Work instruction: Write out the entire listing below exactly as it appears, minus any pictures.

Supplied records:
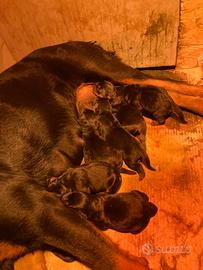 TopCuccioli rottweiler disponibili alta genealogia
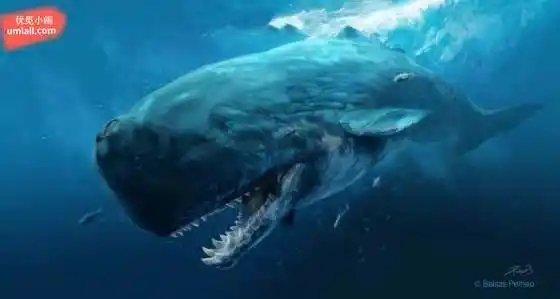 ▏美国展出泰坦巨龙 美国泰坦巨龙_社会新闻_南方网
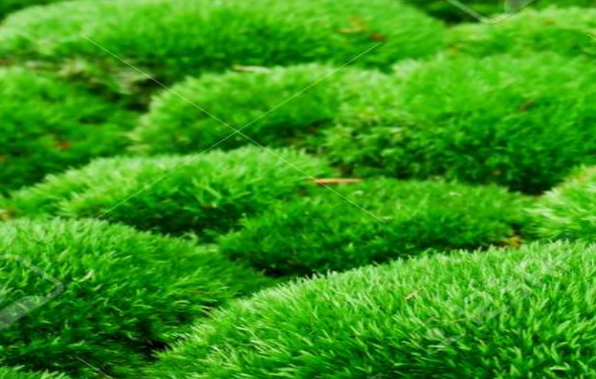 Cushion moss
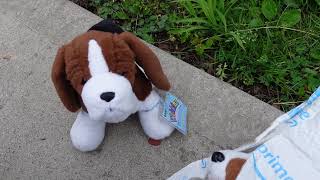 Finally tracked down a Webkinz Corgi [upl. by Colston720]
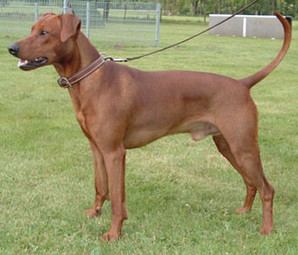 AILTON vom Lotter Kreuz | German Pinscher 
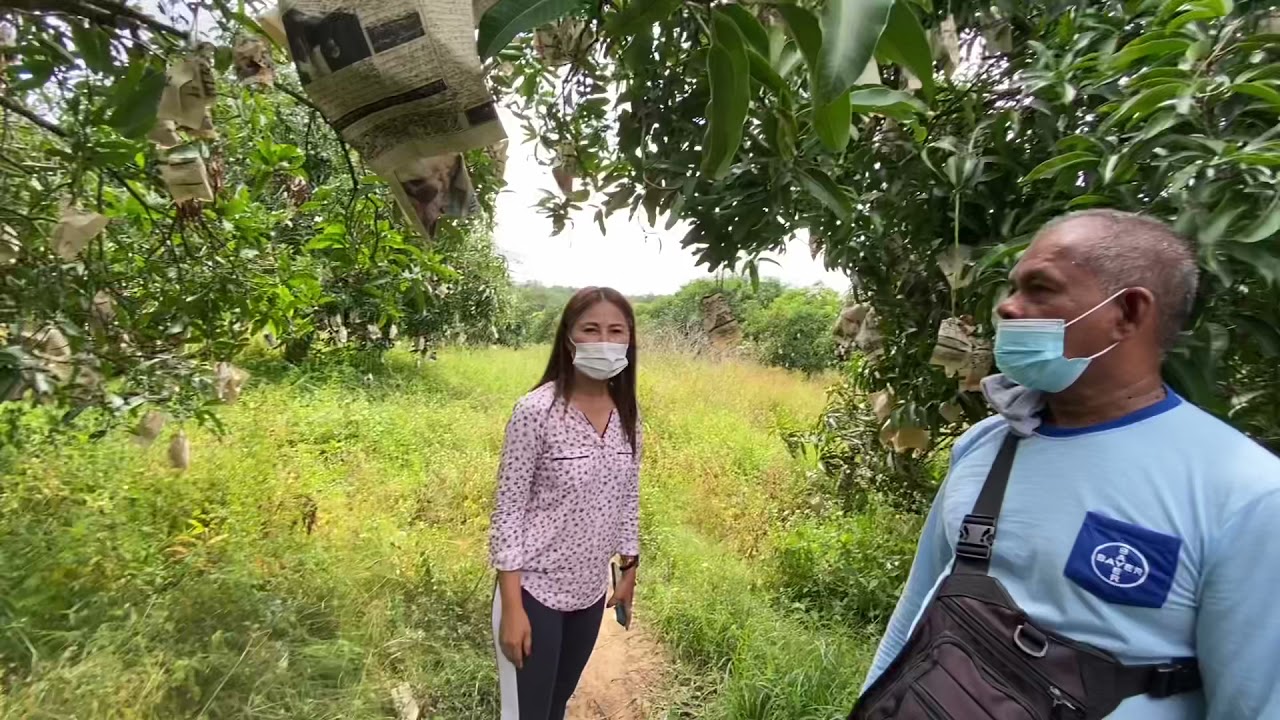 22 HECTARES FARM FULL OF MANGO TREES FOR SALE #DAVAOCITY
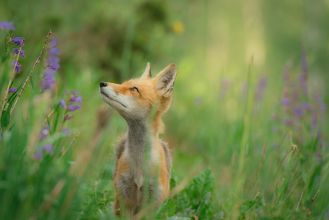 Odkryj dziką naturę: Najlepsze miejsca do obserwacji dzikich zwierząt w Polsce dzikie zwierzęta w polsce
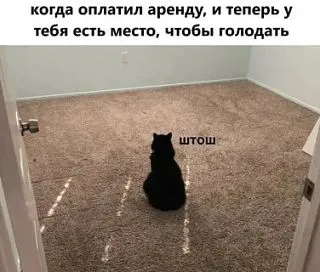 Чисто я😎 #1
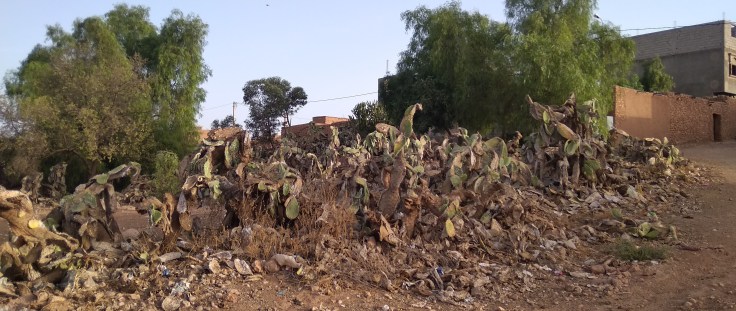 IMG_20190828_080347-compressor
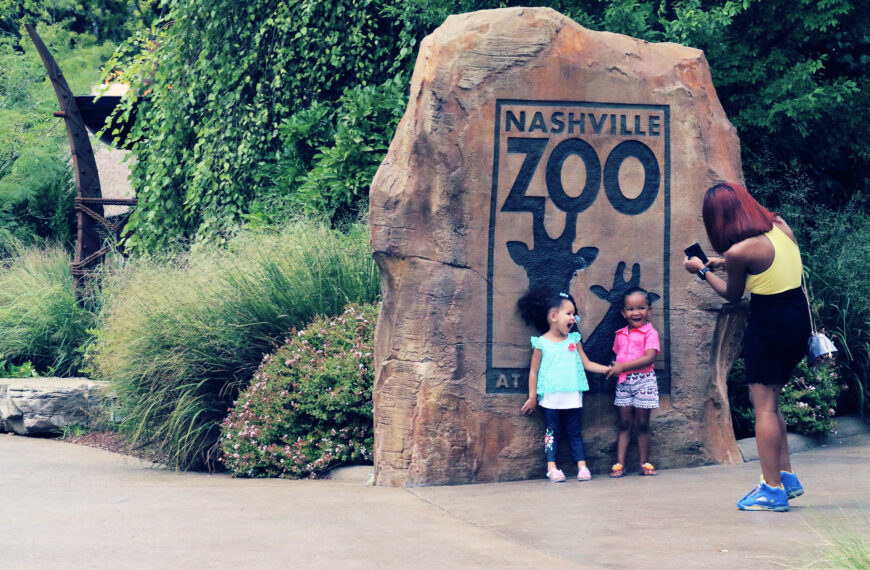 Zoo Officials Horrified by AI Data&hellip;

Your solution:
 TopCuccioli rottweiler disponibili alta genealogia
 ▏美国展出泰坦巨龙 美国泰坦巨龙_社会新闻_南方网
 Cushion moss
 Finally tracked down a Webkinz Corgi [upl. by Colston720]
 AILTON vom Lotter Kreuz | German Pinscher 
 22 HECTARES FARM FULL OF MANGO TREES FOR SALE #DAVAOCITY
 Odkryj dziką naturę: Najlepsze miejsca do obserwacji dzikich zwierząt w Polsce dzikie zwierzęta w polsce
 Чисто я😎 #1
 IMG_20190828_080347-compressor
 Zoo Officials Horrified by AI Data&hellip;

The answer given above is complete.